Why WEST
1. Von Frey used horse hairs to measure tactile sensitivity. Many years later, Dr. Sidney Weinstein used nylon monofilaments. Nylon is more consistent. Judy Bell-Krotoski lauded Dr. Weinstein’s set of 20 graduated-force monofilaments, the Semmes Weinstein Monofilaments. Each monofilament achieved its force by a variation in width, keeping length constant. Nevertheless, individual calibration of the Semmes Weinstein Monofilaments was deemed appropriate by Dr. Weinstein.
2. Many years later, Drs. Weinstein and Drozdenko with Mr. C. Weinstein created the Weinstein Enhanced Sensory Test TM (WEST ). The WEST mimicked thresholds of the Semmes Weinstein (and subsets of the S-W) in neuropathic-free individuals. For those with common neuropathies (large-axonal damage), however, the thresholds from the WEST were more sensitive to damage (higher). Was the WEST’s advantage that it was calibrated – each monofilament applied the anticipated force? Yes, but other patented improvements were achieved. These improvements include a long life, and the instrument’s sensitivity to, for example, diabetic nerve damage.
3. Several models have derived from the WEST: WEST-hand, WEST-foot, and WEST-D are all five-monofilament (Softip ) instruments. They each present a different set of forces. Let me explain. Hand therapists decided that loss of protective sensation comes when the patient no longer detects 4 g. Diabetologists or podiatrists, however, use 10 g. The different models reflect user needs.
4. For foot-screening purposes, the CT-Bio folding monofilament may hold a Softip or common tipped 10-g monofilament.
5. The five-Softip monofilament esthesiometers (nerve testers) may be used with the Rapid Threshold Procedure to achieve one of ten outcomes quickly. This, the five monofilaments (used with the RTP) gives the tester the power of ten monofilaments (used with ordinary procedures). Alternatively, instead of the RTP, one can use a procedure to test for malingerers.

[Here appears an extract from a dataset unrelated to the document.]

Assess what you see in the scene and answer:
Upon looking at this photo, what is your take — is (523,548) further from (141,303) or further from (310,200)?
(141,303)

WEST-hand Terse Manual in English
Copyright 2007
General Information
1. The lengths of the filaments may be different.
2. Filaments may not be parallel to one another or may have a slight bend.

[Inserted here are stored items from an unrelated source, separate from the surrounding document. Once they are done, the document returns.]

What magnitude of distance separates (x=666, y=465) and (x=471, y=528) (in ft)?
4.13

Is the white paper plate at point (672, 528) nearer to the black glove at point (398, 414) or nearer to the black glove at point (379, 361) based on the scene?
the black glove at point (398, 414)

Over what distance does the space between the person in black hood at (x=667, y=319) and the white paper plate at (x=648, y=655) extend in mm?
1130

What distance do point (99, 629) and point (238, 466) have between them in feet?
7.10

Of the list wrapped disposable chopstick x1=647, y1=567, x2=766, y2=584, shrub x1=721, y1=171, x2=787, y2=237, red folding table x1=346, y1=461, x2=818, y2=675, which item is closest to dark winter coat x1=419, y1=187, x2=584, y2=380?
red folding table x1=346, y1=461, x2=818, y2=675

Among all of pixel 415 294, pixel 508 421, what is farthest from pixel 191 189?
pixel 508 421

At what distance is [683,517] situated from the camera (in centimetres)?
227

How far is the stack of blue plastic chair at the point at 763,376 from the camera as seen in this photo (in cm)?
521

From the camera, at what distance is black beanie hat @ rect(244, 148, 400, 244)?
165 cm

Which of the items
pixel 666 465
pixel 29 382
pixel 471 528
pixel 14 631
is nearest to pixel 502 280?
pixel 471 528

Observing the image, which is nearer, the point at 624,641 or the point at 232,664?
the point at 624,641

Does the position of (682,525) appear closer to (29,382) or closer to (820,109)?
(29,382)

3. If a filament has a sharp bend, return for recalibration.
4. You may rotate several filaments for faster testing, but please store the instrument with all the filament pointing in the same general direction.
5. If a filament becomes stuck, rotate it in the opposite direction.
Method to obtain sensation levels
Rapid Threshold Procedure
Use a descending threshold procedure (e.g., start at 4 g). Use catch trails (act as if you are stimulating, but don't). Make sure that the patient cannot solve the tactile sensory task using visual information. We enclose a clicker because indicating the interval of potential stimulation helps the patient solve the detection task and eases creation of catch trials. Threshold is not solely determined by the first failure to detect. At the first failure to detect, stimulate with the next more forceful filament. At this point, either the person detects or not. If not, this level is threshold. (The patient has just detected and failed to detect this level.) If detects, proceed to the missed detection level (i.e., one filament lower in force) and stimulate. At this point, either the person detects or not. If not, the threshold is taken as half way between the last twice-detected filament and this twice-missed filament. (The more forceful filament was detected twice, and the less forceful filament was missed twice.) Note, in this case threshold does not correspond to a filament value, but to a value between filaments. If detects, then proceed as if the patient never missed (looking for a new first failure to detect). The Rapid Threshold Procedure works if the patient does not give false positive responses to the catch trails. In experience, it works even if the patient initially gives false positive responses. Otherwise, use some other procedure, for example, The Carpal Tunnel Test TM.
Dos and Don'ts
- Avoid touching the stalks of the filaments, which may affect calibration.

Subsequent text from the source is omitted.